Mais les élections régionales qui arrivent, au mois de juin, ont fait exploser cette filiation politique. 

Contrairement à Jean-Yves Le Drian, devenu macroniste convaincu et sans remords, son successeur lui reste attaché au Parti socialiste - outrage suprême : il envisage même de s’allier aux Verts. Les Verts, honnis par le même Le Drian.

Alors que relate cette histoire ? Pas seulement des chicaneries locales ou des généalogies contrariées. 

Elle raconte aussi comment le mouvement d’Emmanuel Macron peine à attirer un nouveau cercle d’élus.

Sédimentation

Revenons-en aux origines. En 2016-2017, il y a le premier cercle, ce qu’on pourrait appeler le “macronisme 1.0” : les fidèles, les audacieux, celles et ceux qui font le pari de ce trentenaire jamais élu, contre tous les théorèmes de la politique.

Il y a ensuite 2017, la victoire, les nouveaux amis, celles et ceux qui sont attirés par le parfum du succès et/ou le projet d’Emmanuel Macron. On peut appeler ça le “macronisme 2.0”. Des figures de la gauche et de la droite qui s’agrègent : Jean-Yves Le Drian, justement, mais aussi Bruno Le Maire, Gérald Darmanin, puis plus tard Olivier Dussopt, le ministre des comptes publics. 

Cette deuxième couche a permis de solidifier La République en marche, tout en fragilisant les oppositions. 

Et qu’en est-il de la troisième couche ? 

Eh bien justement elle n’existe pas. Le mouvement d’Emmanuel Macron, pour l’heure, a échoué à inventer ce “macronisme 3.0”. 

C’est-à-dire à attirer de nouveaux élus, des cadres intermédiaires des partis, des responsables locaux. 

En Bretagne, le refus de Loïg Chesnais-Girard de porter l’étiquette En Marche en est un exemple, mais pas le seul. 

Le parti présidentiel, par réflexe d’endogamie ou bien par manque d’habileté politique, n’a pas su amener à lui les élus prometteurs, à droite et à gauche. Celles et ceux à qui on peut imaginer un destin national, comme Michaël Delafosse, maire socialiste de Montpellier ; Valérie Rabault, députée PS ou David Lisnard, maire Les Républicains de Cannes. 

Voilà pourtant qui manque au parti d’Emmanuel Macron. 

D’abord parce que l’expérience de terrain n’est jamais superflue.
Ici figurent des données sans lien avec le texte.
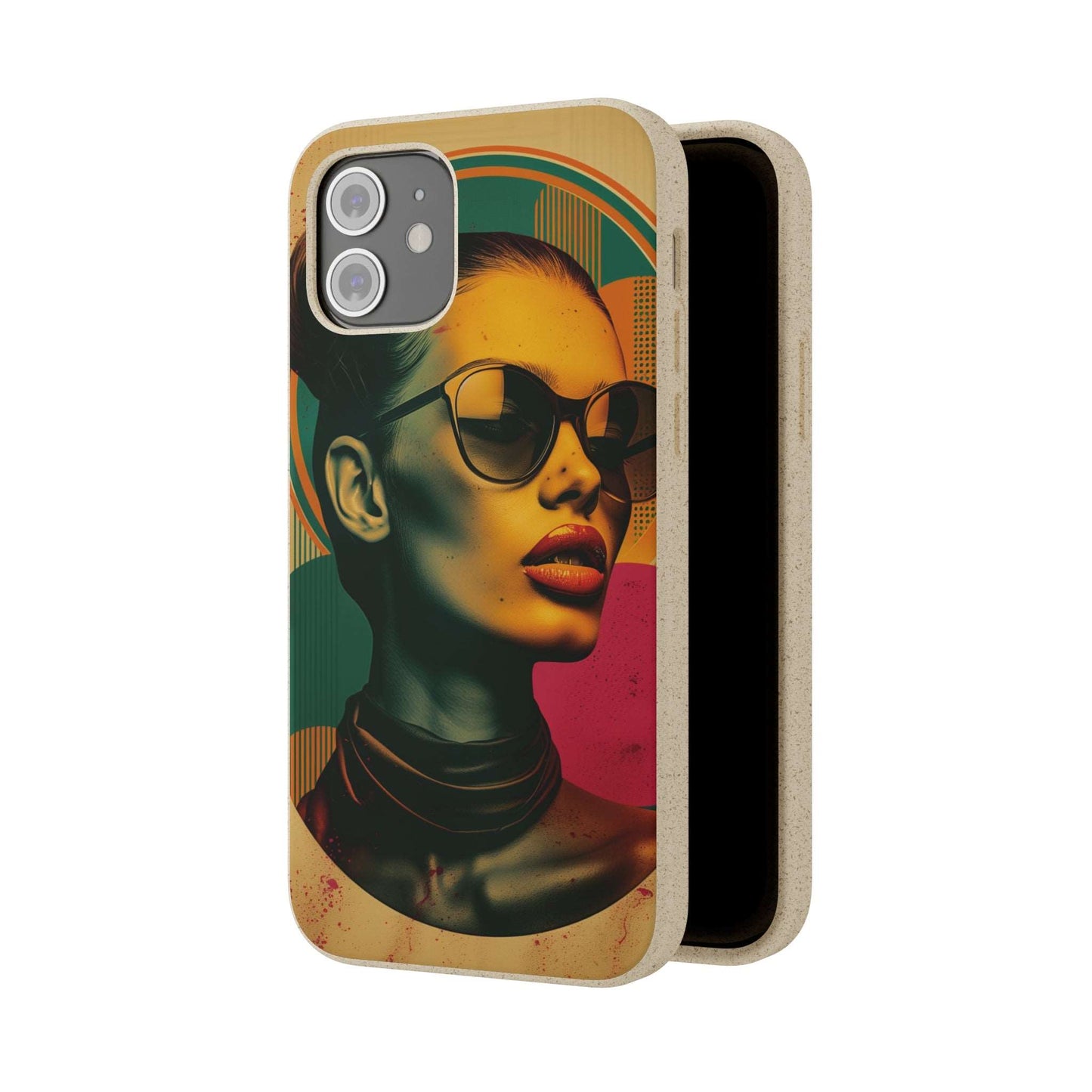 Rome-inspired biodegradable phone case with Mediterranean hues and a retro portrait, compatible with iPhone and Samsung models.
Elle eût sans doute aidé à éviter de déclencher la crise des gilets jaunes.

Mais aussi parce que ce troisième cercle aurait pu former une cuirasse, pour défendre l’action du gouvernement. Faute d’une telle armure, l’exécutif semble devoir être seul et nu pour parer les coups et défendre sa politique. C’est le défaut de s’entourer uniquement de ses vieux amis. 

En 2007, à droite, Patrick Devedjian regrettait la trop grande ouverture de Nicolas Sarkozy à des figures de la gauche, avec ce trait d’esprit un peu boudeur : 

"Je suis pour aller très dans l'ouverture... Y compris jusqu’aux sarkozystes, c’est dire !"

Mais au fil du quinquennat, l’ouverture s’était refermée, les Sarkozystes pur jus avaient repris le pouvoir. 

Et c’est avec une base politique affaiblie et uniforme que Nicolas Sarkozy s’est engagé dans la campagne pour sa réélection en 2012, avec le succès que l’on connaît.